Although this study did not provide descriptions for applying the framework to other SMART-Africa partnering countries (in Uganda and Ghana), we anticipate the applicability of the framework (Figure 1) and design (Table 1) to these two SSA countries may be similar, especially in ways of structuring/designing activities. Our statement is based on similar child mental health service and research context, and feedback that we learned from cross-site partnership meetings. We plan to discuss our experience with other partnering countries to share lessons learned.
Acknowledgements
We would like to thank the collaborative partners from Kenya Ministry of Health, Ministry of Education, NGOs, community health workers, and school staff and families from three primary schools. We are grateful to the parents, teachers, and community health workers who have contributed to the adaptation of the MFG. We also thank the cross-country partners from SMART-African in supporting and providing input for our paper.
Funding
The study outlined in this paper is supported by the National institutes of Mental Health (NIMH) under Award Number U19 MH110001 (MPIs: Fred Ssewamala, PhD; Mary McKay, PhD; Kimberly Hoagwood, PhD). The content is solely the responsibility of the authors and does not necessarily represent the official views of the NIMH or the National Institutes of Health.
Abbreviations:
- SSA
Sub-Saharan Africa
- EBI
Evidence-based Interventions
- RE-AIM
Reach, Effectiveness, Adoption, Implementation, and Maintenance
- MNS
mental, neurological, and substance use
- WHO
World Health Organization
- MFG
Multiple Family Groups
- DBD
Disruptive Behavioral Disorders
Footnotes
Publisher's Disclaimer: This Author Accepted Manuscript is a PDF file of an unedited peer-reviewed manuscript that has been accepted for publication but has not been copyedited or corrected. The official version of record that is published in the journal is kept up to date and so may therefore differ from this version.
Data availability
The evaluation data collection is ongoing and not yet complete.
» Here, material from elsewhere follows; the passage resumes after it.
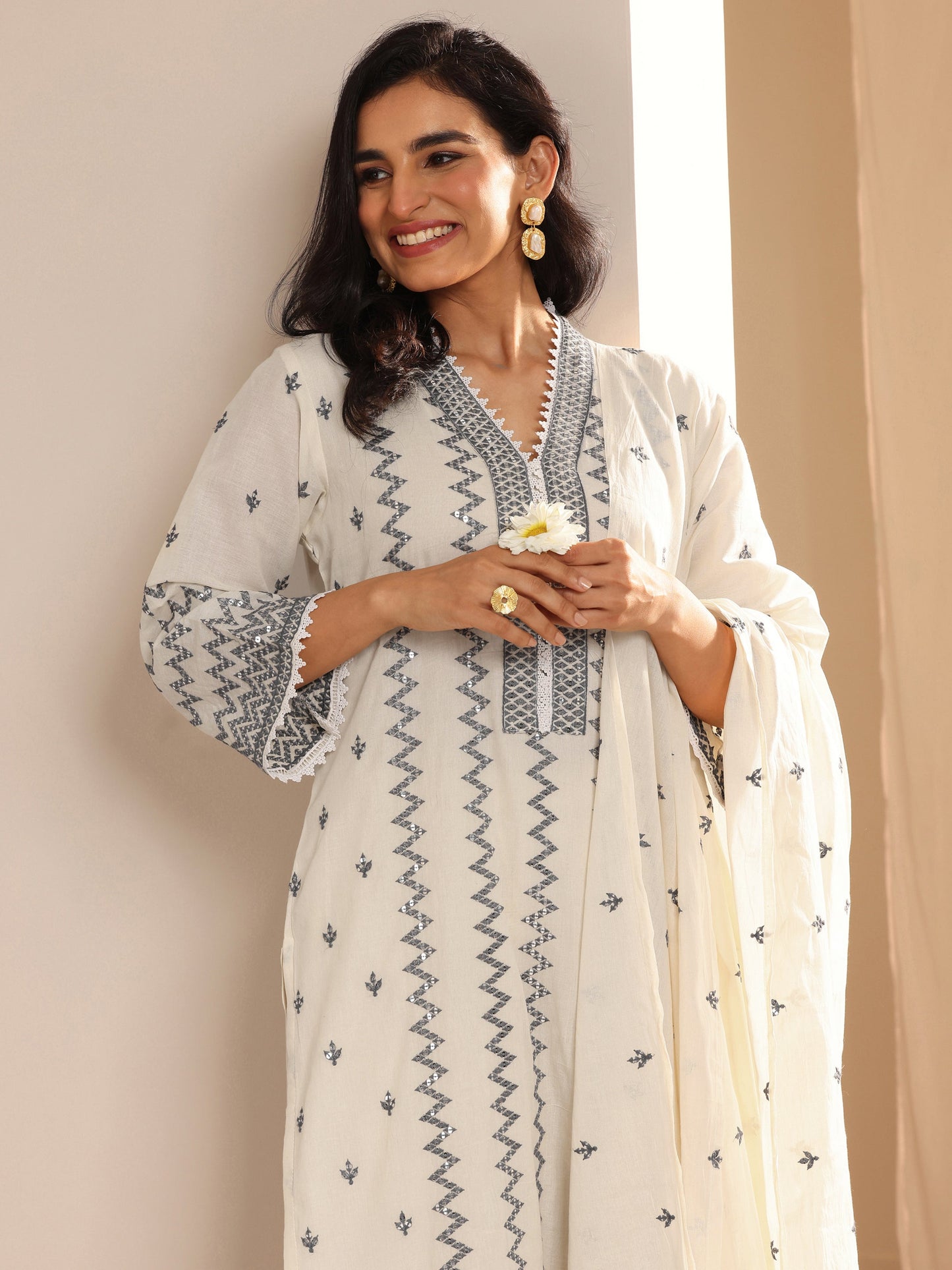 Off White Embroidered Cotton Straight Suit Set With Dupatta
Conflicts of Interest/Competing Interests
The authors declare that they have no competing interests
Ethics approval and consent to participate
The study was approved by the Ethics and Research Committee of Kenyatta National and University of Nairobi (P216/03/2016). All participants who were approached gave verbal and written consent to participate.
Study Status
The study is ongoing. Participant recruitment has completed, but the data collection is not yet completed. We anticipate evaluation data collection will be completed in February 2021. The available data have not yet been cleaned or finalized for evaluation analysis.